Ist Evelyn Burdecki also gar nicht das Dummchen, für das sie sich ausgibt? Mit der öffentlichen Verwirrung um ihren Intellekt kokettiert sie immer wieder – und gießt weiter Öl ins Verschwörungstheorie-Feuer. Mehrfach betont sie, dass sie Fachabitur habe: “So dumm kann ich also gar nicht sein.” In Physik schaffte es die 30-Jährige auf ganze 12 Punkte. Wie lässt sich das mit ihrer scheinbaren Unfähigkeit vereinbaren, einfachste logische Zusammenhänge nicht zu verstehen? Evelyn selbst gibt an, sie hätte einfach “liebe Lehrer” gehabt, die ihr die ein oder andere Sache hätten durchgehen lassen. Ob auch hier das “Kindchenschema” gegriffen hat?
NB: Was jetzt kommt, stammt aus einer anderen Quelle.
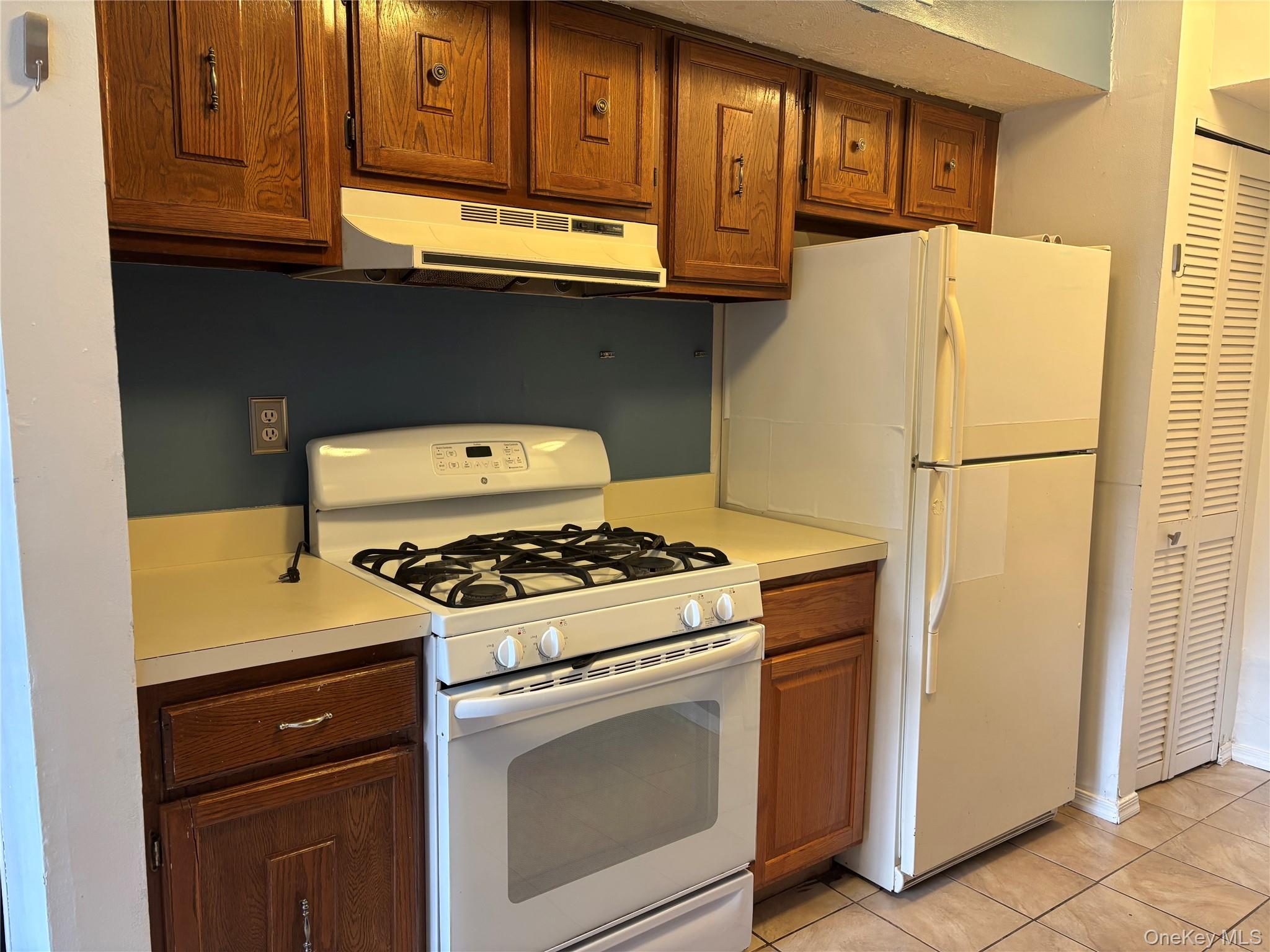 89 Storm Drive, Holtsville, NY 11742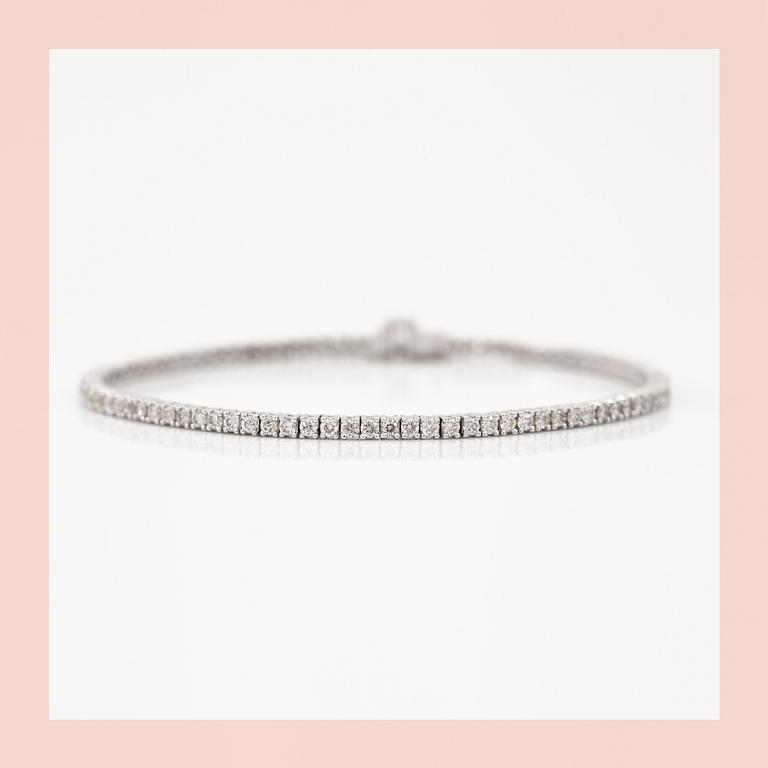 ARMBAND, rivière, 18k vitguld med briljantslipade diamanter tot ca 2.28ct.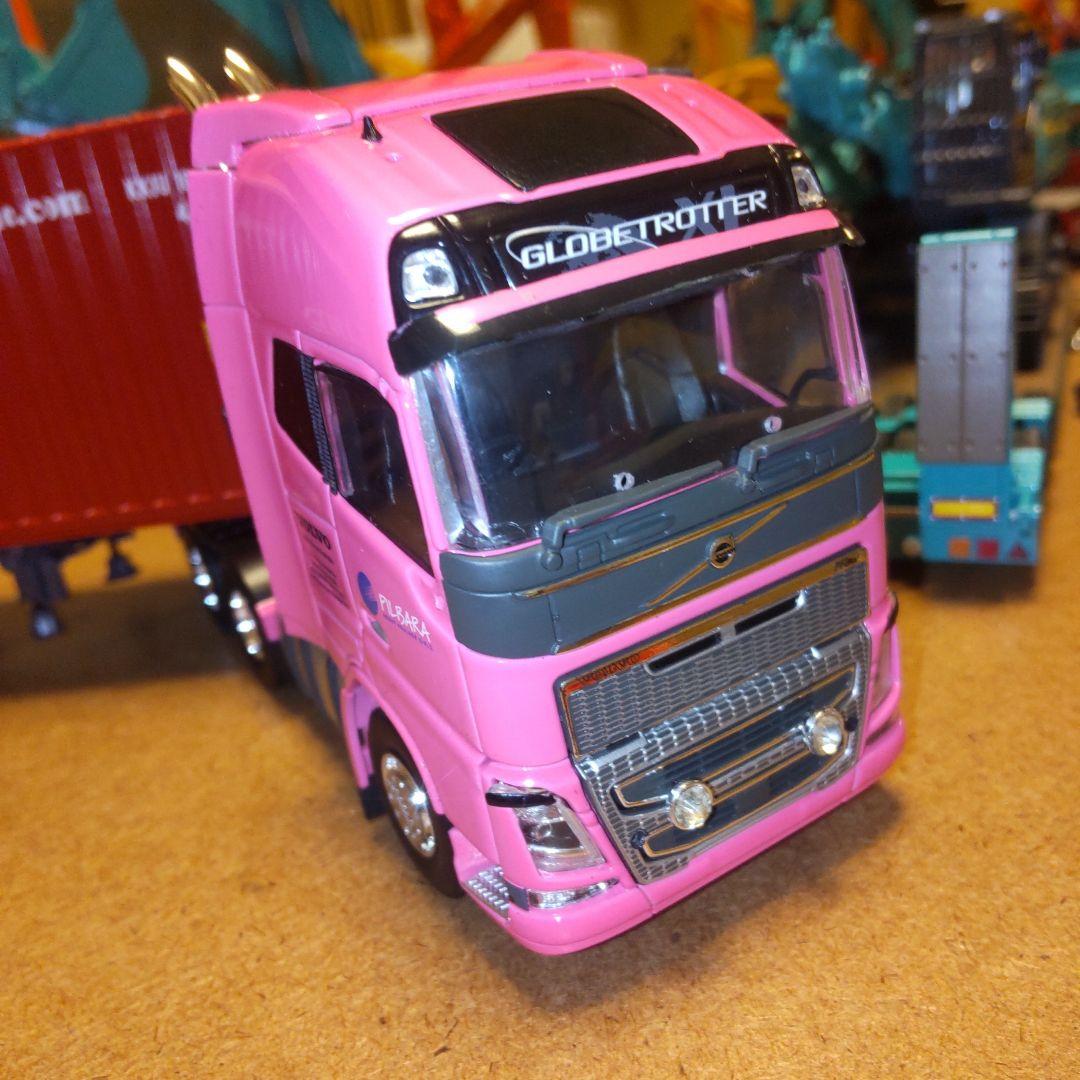 ボルボ グローブトロッター ピンク トレーラー K LINE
“Eine bessere Note aus Kulanz habe ich wohl noch nie gegeben, aber wohl aus pädagogischen Erwägungen heraus. Um einen etwas schlechteren Schüler zu motivieren”, sagt Michael Hering. Er ist Lehrer am OSZ Handel 1 in Berlin-Kreuzberg und lässt sich von weitaufgerissenen Augen und naiven Nachfragen nicht blenden. Und auch wenn er nicht für alle Schulen sprechen kann, sagt Hering: “Natürlich versuchen wir, die Mühe, die sich jemand gibt, auch in eine Note zu gießen. Aber um eine wirklich gute Bewertung zu bekommen, ist es bei mir wohl so wie bei meinen Kolleginnen und Kollegen: Bemühen allein reicht nicht.”
Was für die Schulzeit gilt, lässt sich auch auf den harten Alltag des Z-Promi-Daseins übertragen. Selbst wenn es sich bei dieser Dummchen-Nummer von Evelyn also um einen PR-Trick handeln sollte – irgendwann muss sich die ehemalige Bachelor-Kandidatin etwas Neues überlegen.
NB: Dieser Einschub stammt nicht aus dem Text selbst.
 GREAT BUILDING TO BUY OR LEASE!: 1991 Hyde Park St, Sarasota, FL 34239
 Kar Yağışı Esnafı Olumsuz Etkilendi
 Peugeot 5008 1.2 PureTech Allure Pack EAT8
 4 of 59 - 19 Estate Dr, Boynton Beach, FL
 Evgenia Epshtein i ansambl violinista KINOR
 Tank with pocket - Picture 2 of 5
Denn vielleicht wird man mit sympathischer Blödheit Dschungelkönigin, wenn man Glück hat, darf man danach nochmal zu Promi Shopping Queen, das wars dann aber auch schon mit der großen Trash-Karriere. Weil die Flut an ehemaligen Datingshow-Kandidatinnen nicht abreißt und die eben auch wissen, wie weit sie die Augen aufreißen müssen, damit die Kamera auf ihnen bleibt.